Jul 11, 2023 • 51min
Otto and Miep
Note: Audio clips of "A Small Light" are courtesy NatGeo. Anne Frank's 'A Diary of a Young Girl' has been read by tens of millions of people in dozens of languages. It is an entry point for Holocaust studies for each new generation of school students. Her tragic story has been the subject of stage plays and movies, too. And now the young Dutch woman who tried to hide the Frank family from the Nazis in occupied Amsterdam is the subject of a moving dramatic series produced by NatGeo and streaming on Hulu. 'A Small Light' depicts the story of Miep Geis, who took care of Otto, Edith, Margot, and Anne Frank along with four other Jews as they hid in a secret annex until being betrayed and arrested in August 1944. In this episode, three people who befriended Otto and Miep after the war talk about the importance of telling this story, even if parts of the NatGeo series took some dramatic license.
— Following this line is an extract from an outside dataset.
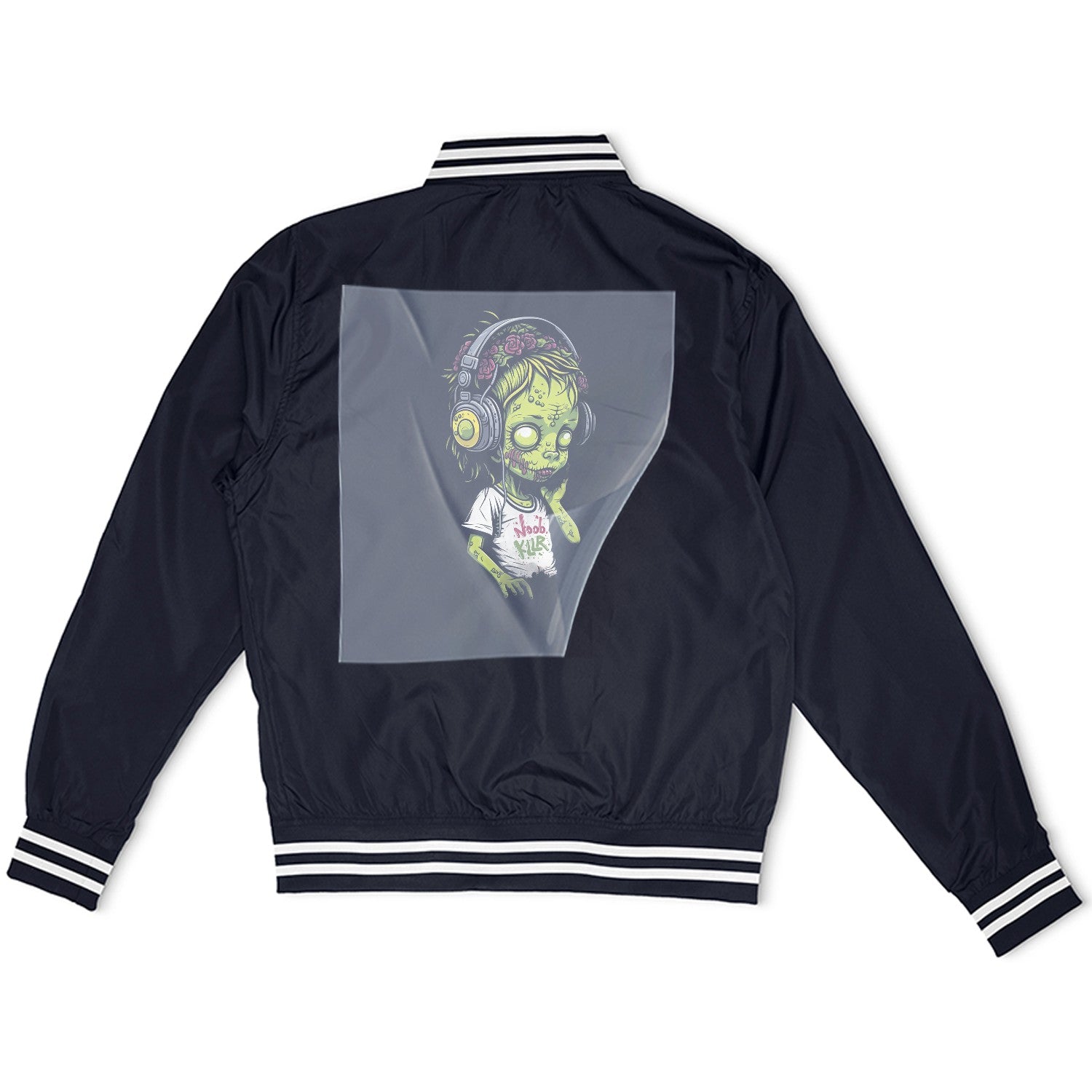 Noob Slayer Zombie Ready to Press Heather Gray Sweater Front Peel View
Cara Wilson-Granat, Ryan Cooper, and Father John Neiman each took different journeys to reach the same destination, inspired by Otto and Miep's strength and humanity.

Jul 9, 2023 • 51min
Bonus Ep! Our Radical Declaration w/ Denver Brunsman
This is a bonus episode in a three-part series on the radicalism of the Declaration of Independence. The video version will air on C-SPAN 2's American History TV on July 15. George Washington University historian Denver Brunsman joins Martin Di Caro in a conversation about the contested meanings of the American Revolution and the enduring radicalism of the ideals embodied in the Declaration of Independence.

Jul 6, 2023 • 57min
Our Radical Declaration w/ Annette Gordon-Reed & Joseph Ellis
This is the last in a three-part series of episodes about the radicalism of the Declaration of Independence and enduring importance of the American Revolution. Whatever its authors meant by them at the time – in the summer of ‘76 while at war with Great Britain – the words the American revolutionaries wrote in the Declaration of Independence would inspire generations of Americans of all races and creeds to fulfill the promise of fundamental human equality and liberty, the most radical idea of the 18th century and today. And that's despite the fact that the document’s primary author didn’t live up to his words. Thomas Jefferson was a lifelong slaveholder. In this episode, historians Annette Gordon-Reed and Joseph Ellis discuss the power of the promissory note signed by the founders. They also consider the pitfalls of approaching the American past through the personal failings of men like Jefferson.